• Task prompt: After locating the line with "Саджанці ремонтантної малини" in the records below, print it and every line after it exactly.

Saved entries:

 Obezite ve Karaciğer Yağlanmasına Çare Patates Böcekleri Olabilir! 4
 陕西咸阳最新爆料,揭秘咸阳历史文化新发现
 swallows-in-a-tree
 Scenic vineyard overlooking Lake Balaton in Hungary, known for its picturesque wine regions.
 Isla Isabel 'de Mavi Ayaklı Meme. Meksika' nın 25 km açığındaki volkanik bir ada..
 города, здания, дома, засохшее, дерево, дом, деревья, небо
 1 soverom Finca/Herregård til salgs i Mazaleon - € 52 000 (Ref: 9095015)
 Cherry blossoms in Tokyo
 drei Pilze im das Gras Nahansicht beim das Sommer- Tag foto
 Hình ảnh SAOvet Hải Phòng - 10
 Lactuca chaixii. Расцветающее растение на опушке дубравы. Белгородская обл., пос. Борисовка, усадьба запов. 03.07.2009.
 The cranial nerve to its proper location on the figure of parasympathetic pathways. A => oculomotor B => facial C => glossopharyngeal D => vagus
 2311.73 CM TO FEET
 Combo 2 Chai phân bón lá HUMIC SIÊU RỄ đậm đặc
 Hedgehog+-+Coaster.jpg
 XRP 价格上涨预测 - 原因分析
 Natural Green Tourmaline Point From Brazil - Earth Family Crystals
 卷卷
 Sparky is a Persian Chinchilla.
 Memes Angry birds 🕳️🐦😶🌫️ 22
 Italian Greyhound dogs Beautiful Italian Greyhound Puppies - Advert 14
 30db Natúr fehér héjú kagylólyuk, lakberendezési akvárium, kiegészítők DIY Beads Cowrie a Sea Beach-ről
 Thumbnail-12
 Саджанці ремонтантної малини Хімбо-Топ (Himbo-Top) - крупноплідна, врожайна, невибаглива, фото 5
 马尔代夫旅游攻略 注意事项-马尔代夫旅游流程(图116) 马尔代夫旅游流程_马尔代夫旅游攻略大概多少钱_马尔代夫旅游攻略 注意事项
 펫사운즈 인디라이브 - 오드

• Result below:
 Саджанці ремонтантної малини Хімбо-Топ (Himbo-Top) - крупноплідна, врожайна, невибаглива, фото 5
 马尔代夫旅游攻略 注意事项-马尔代夫旅游流程(图116) 马尔代夫旅游流程_马尔代夫旅游攻略大概多少钱_马尔代夫旅游攻略 注意事项
 펫사운즈 인디라이브 - 오드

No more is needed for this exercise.